# Data for review
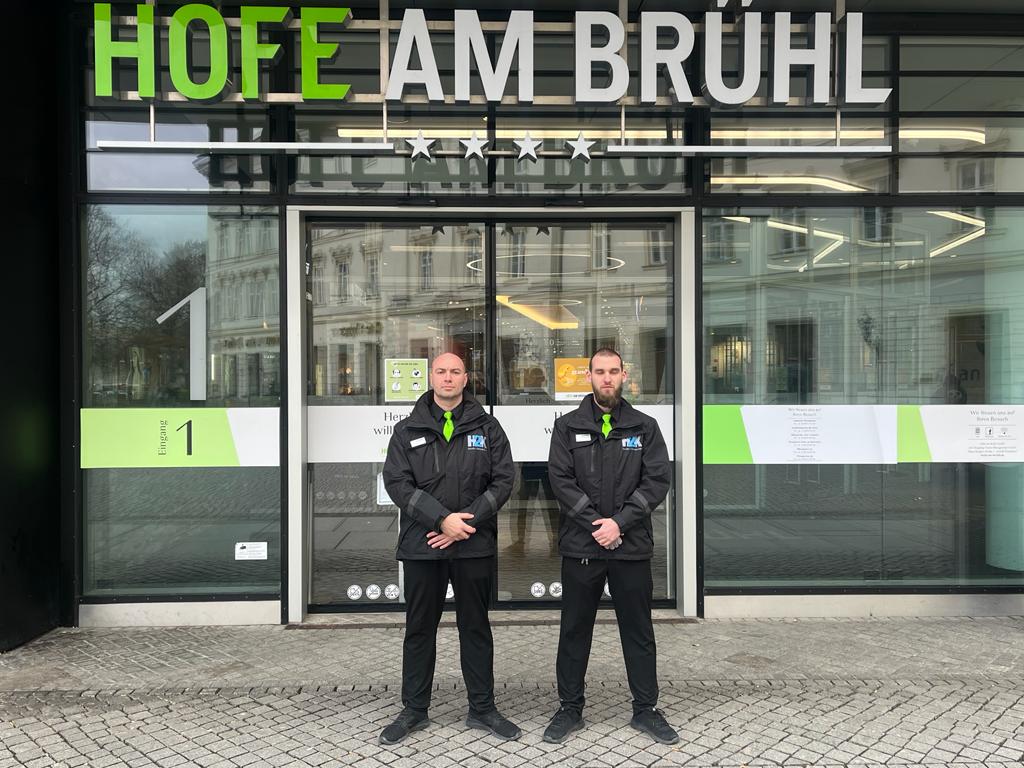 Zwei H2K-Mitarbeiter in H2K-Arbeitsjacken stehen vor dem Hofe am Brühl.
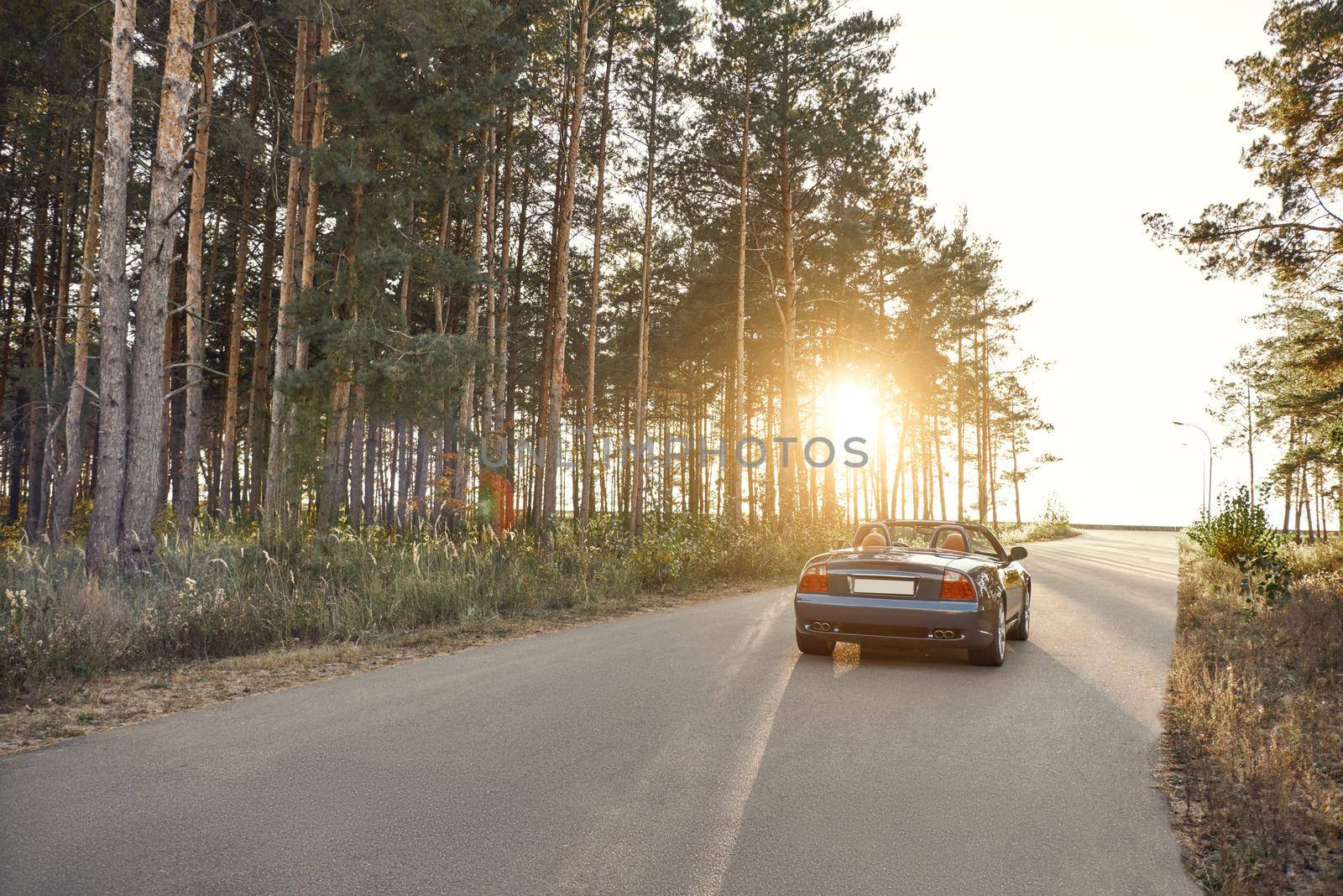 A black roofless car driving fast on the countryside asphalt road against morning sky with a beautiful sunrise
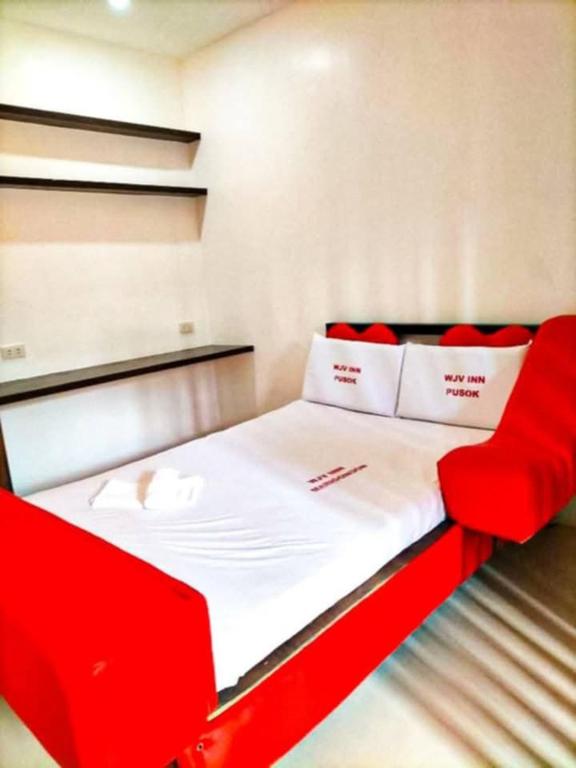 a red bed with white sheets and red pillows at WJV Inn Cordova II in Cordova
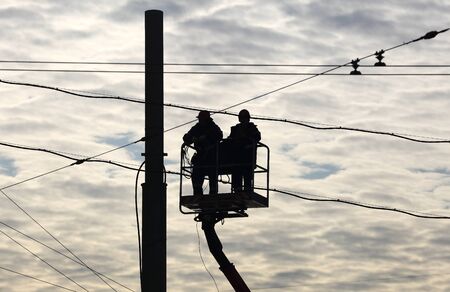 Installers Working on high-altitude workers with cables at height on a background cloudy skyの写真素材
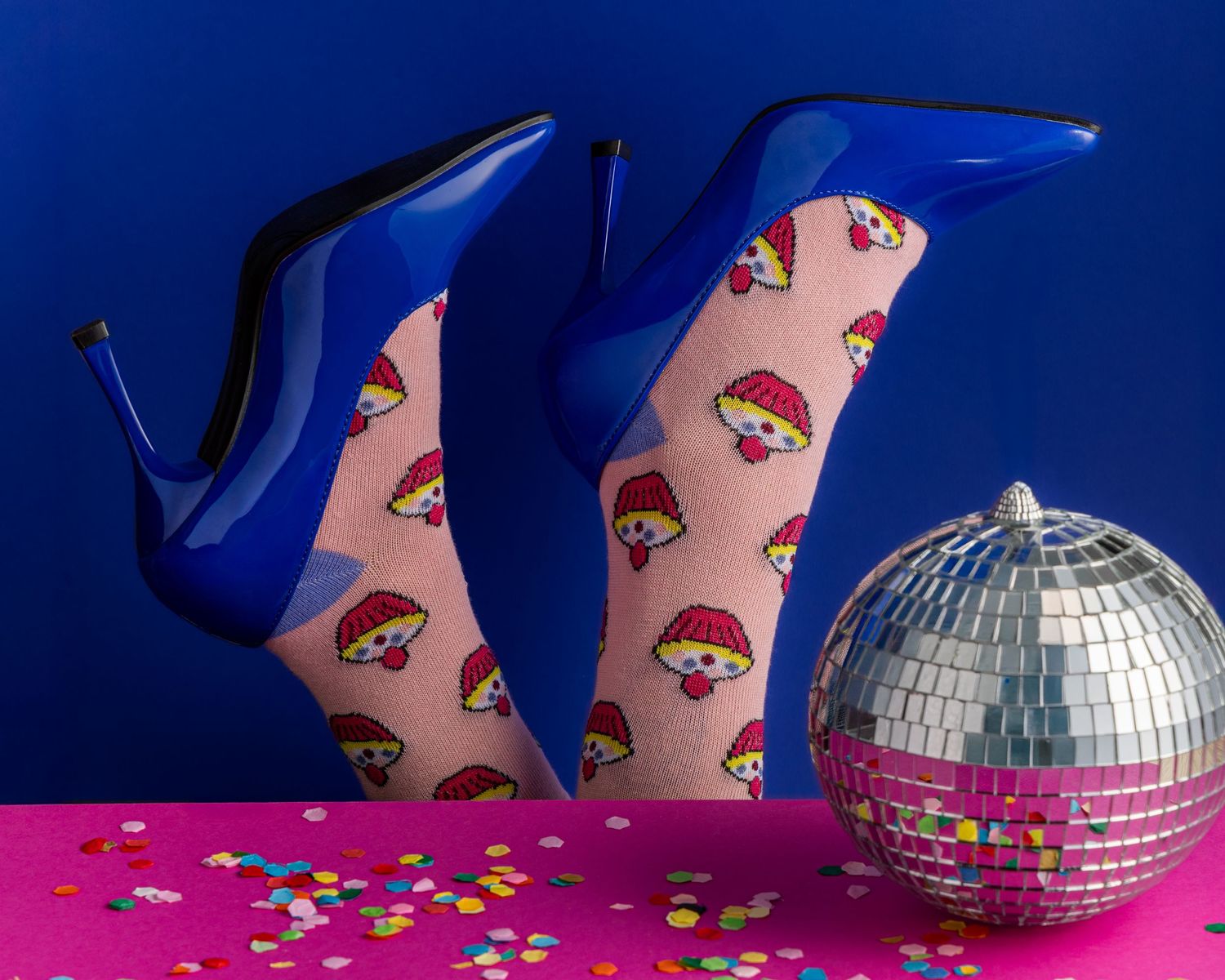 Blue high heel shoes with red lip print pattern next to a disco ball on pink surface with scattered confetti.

# Work instructions
What you return should be the entries from above, unchanged and without their images.

# Answer
 Zwei H2K-Mitarbeiter in H2K-Arbeitsjacken stehen vor dem Hofe am Brühl.
 A black roofless car driving fast on the countryside asphalt road against morning sky with a beautiful sunrise
 a red bed with white sheets and red pillows at WJV Inn Cordova II in Cordova
 Installers Working on high-altitude workers with cables at height on a background cloudy skyの写真素材
 Blue high heel shoes with red lip print pattern next to a disco ball on pink surface with scattered confetti.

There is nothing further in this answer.